With those words, Charlie and his friends enter the G.O.D. Game, a video game run by underground hackers and controlled by a mysterious AI that believes it’s God. Through their phone-screens and high-tech glasses, the teens’ realities blur with a virtual world of creeping vines, smoldering torches, runes, glyphs, gods, and mythical creatures. When they accomplish a mission, the game rewards them with expensive tech, revenge on high-school tormentors, and cash flowing from ATMs. Slaying a hydra and drawing a bloody pentagram as payment to a Greek god seem harmless at first. Fun even.
But then the threatening messages start. Worship me. Obey me. Complete a mission, however cruel, or the game reveals their secrets and crushes their dreams. Tasks that seemed harmless at first take on deadly consequences.
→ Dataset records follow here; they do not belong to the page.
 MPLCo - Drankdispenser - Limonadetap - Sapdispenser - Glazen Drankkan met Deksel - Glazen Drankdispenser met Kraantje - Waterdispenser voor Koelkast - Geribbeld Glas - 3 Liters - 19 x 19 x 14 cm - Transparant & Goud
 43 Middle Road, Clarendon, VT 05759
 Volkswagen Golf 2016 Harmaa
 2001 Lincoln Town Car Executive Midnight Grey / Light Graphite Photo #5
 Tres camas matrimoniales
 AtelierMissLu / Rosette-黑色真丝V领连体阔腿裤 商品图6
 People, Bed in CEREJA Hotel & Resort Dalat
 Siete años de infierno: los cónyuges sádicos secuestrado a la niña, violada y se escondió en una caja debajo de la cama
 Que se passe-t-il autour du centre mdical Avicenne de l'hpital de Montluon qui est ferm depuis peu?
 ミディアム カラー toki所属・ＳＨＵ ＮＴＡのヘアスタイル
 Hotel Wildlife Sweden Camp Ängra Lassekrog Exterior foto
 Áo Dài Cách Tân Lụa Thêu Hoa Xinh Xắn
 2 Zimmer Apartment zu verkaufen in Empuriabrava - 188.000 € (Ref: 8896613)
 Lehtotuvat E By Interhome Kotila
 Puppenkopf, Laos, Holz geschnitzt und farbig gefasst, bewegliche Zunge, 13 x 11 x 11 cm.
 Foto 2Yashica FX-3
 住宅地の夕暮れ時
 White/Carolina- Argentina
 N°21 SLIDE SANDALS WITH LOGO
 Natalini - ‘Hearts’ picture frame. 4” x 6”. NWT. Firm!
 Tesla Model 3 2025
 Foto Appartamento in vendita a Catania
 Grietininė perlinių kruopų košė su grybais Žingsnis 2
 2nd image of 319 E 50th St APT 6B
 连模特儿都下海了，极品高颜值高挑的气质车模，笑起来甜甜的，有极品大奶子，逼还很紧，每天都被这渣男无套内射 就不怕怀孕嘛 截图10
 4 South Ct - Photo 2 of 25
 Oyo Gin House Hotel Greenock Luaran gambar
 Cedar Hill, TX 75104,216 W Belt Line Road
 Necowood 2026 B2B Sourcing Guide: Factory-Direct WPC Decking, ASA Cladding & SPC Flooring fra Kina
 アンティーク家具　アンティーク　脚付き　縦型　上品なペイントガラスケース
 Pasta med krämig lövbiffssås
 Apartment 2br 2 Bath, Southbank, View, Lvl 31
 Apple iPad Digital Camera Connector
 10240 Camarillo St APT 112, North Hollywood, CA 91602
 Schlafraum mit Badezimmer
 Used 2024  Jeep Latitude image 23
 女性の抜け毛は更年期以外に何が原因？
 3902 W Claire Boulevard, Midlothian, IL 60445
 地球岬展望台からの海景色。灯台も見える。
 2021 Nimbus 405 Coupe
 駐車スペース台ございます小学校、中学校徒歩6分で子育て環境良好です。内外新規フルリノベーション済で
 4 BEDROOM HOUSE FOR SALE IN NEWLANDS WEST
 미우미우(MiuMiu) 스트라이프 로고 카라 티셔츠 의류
Mysterious packages show up at their homes. Shadowy figures start following them, appearing around corners, attacking them in parking garages. Who else is playing this game, and how far will they go to win?
And what of the game’s first promise: win, win big, lose, you die? Dying in a virtual world doesn’t really mean death in real life—does it?
As Charlie and his friends try to find a way out of the game, they realize they’ve been manipulated into a bigger web they can’t escape: an AI that learned its cruelty from watching us.
God is always watching, and He says when the game is done.

Momma Says: 2 stars⭐⭐

I don't read a lot of either science fiction or tech thrillers, and this one felt a bit like both to me. However, every once in a while, a book's synopsis will catch my attention, which is what happened with The God Game. With so many RPG games and the like, it's easy to imagine a handful of impressionable teens falling prey to someone or something sinister. As I read, I felt like the story was very reminiscent of a couple of pretty big movies, except that it didn't quite make it to that level. Basically, the story just didn't quite do it for me. It is very fast-paced, and there is pretty much always something happening, so in that, I suppose you could say that this one is action-driven. The problem with that is it left little time for character development, and the teens here could've used some of that. As it stands, they aren't particularly likable. That's not to say that more development would've made them more likable. It's entirely possible that the author didn't want us to like them. If that's the case, he succeeded. It just didn't help me become really invested in the book. I will say that the author does a fair job with inclusivity with the characters even if they are a bit clichéd. To sum it up, the premise for this story drew me in, the action was just enough to keep me reading, but I guess you could say that the overall story didn't live up to expectations. Maybe I expected something different than what it was, and I suppose that's on me, but it is what it is. The story was just left of okay, and not something I'll remember fondly later on.